Le sixième rapport annuel au Congrès sur la collecte étrangère d’information et l’espionnage industriel, soumis annuellement par le Président, a estimé que le coût total pour les entreprises américaines était pour l’année 2000 entre 100 et 250 milliards de dollars. Pour rester au sommet, il a été dit que les Etats-Unis doivent sérieusement reconsidérer leur politique contre l’usage de l’espionnage économique pour aider les entreprises américaines. Il y a eu cependant des preuves, ces dernières années, que l’appareil de renseignement américain n’a pas été utilisé seulement pour des mesures de contre-espionnage face à l’espionnage économique, mais aussi pour « aplanir le terrain de jeu » contre l’inclinaison provoquée par le type de technique agressives « de l’ombre » dont on dit qu’elles sont enseignées à l’EGE.

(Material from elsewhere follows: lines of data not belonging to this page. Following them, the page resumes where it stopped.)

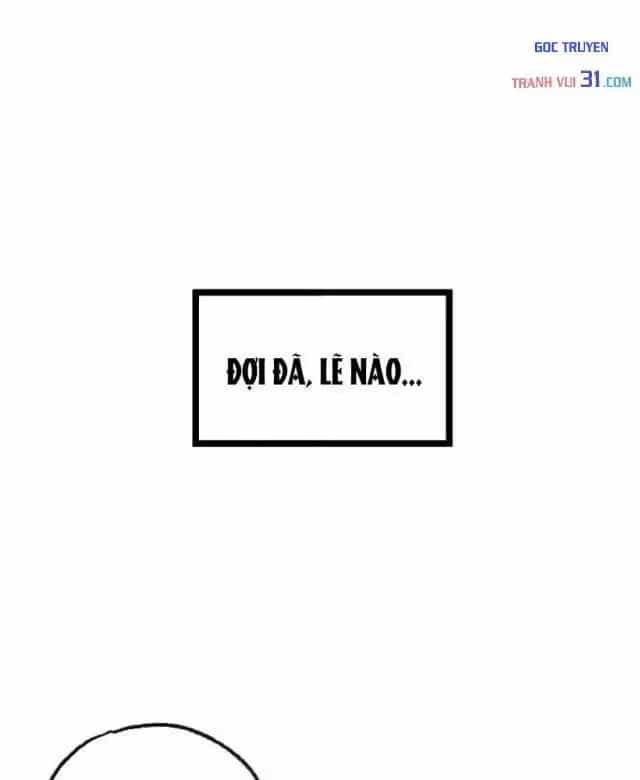 Bách Thú Chi Vương - Chương 63 - ảnh 132
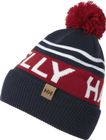 K Ridgeline Beanie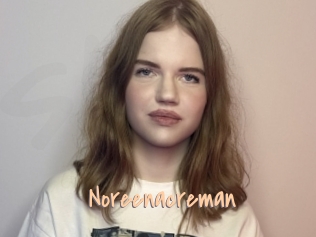 Noreenacreman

Selon un reportage de MSNBC diffusé en Mai 2004, la correspondance, obtenue par la chaîne, entre la CIA et le Congrès pendant l’Administration Clinton, indique que les ressources du renseignement américain ont été consacrées à assister des compagnies privées américaines pour qu’elles gagnent des contrats à l’étranger. Ces documents ont révélé que les Etats-Unis ont entrepris des opérations de renseignement destinées à suivre ce que le gouvernement américain considérait comme des preuves de concurrence « injuste » de la part d’entreprises étrangères, comme le versement de pots-de-vin à des responsables du pays acheteur. Robert Windrem, producteur d’enquêtes pour NBC News, a noté dans son rapport du 7 Mai 2000 pour MSNBC : « MSNBC.com a rapporté précédemment qu’en 1993 et 1994, la communauté américaine du renseignement a aidé des firmes américaines à gagner 16,5 milliards de dollars en contrats à l’étranger, en alertant les gouvernements dans des pays du tiers-monde, que des ministres et d’autres « se servaient dans la caisse.» Parmi les compagnies américaines qui en ont bénéficié se trouvent Raytheon, Boeing et Hughes Network Systems. La communauté du renseignement a depuis mis un frein à la diffusion de telles données. »

On a allégué que le gouvernement des Etats-Unis utilisait des renseignement obtenus par Echelon – un nom donné à des filtres logiciels installés sur des ordinateurs qui traitent la « prise » du réseau global d’interception électronique et de sites de transmission géré par les Etats-Unis. On dit qu’Echelon cherche, parmi des millions de messages interceptés, des mots-clés préprogrammés ou des adresses e-mail, de télex ou de fax nécessaires à des conduites entrepreneuriales incorrectes. Les gouvernements européens, et plus particulièrement celui de la France, ont critiqué le fait qu’Echelon était utilisé dans ce but. En réponse, Woosley note dans sa chronique susmentionnée que les Etats-Unis utilisent Echelon pour égaliser le terrain de jeu contre des nations européennes qui se sont tournées vers l’espionnage économique et les pots-de-vin pour remporter des contrats face à leurs concurrents américains. Après tout, remarque Woosley, « la plupart des technologies européennes ne sont même pas dignes que nous les volions. » A vrai dire, explique-t-il, il y a certes «une poignée de domaines dans lesquels la technologie européenne surpasse la technologie européenne, mais, pour dire cela aussi poliment que possible, le nombre de tels domaines est très, très, très petit. »

La guerre globale contre le terrorisme est une lutte en cours contre un ennemi déterminé. Les dirigeants américains ne doivent pas oublier qu’avant l’attaque d’Al Qaida de 2001, les Etats-Unis étaient déjà assiégés dans une guerre combattue sans bombes. L’Ecole de Guerre Economique française est seulement un rappel d’un différent type de menace qui pourrait être non moins dangereux pour l’Amérique.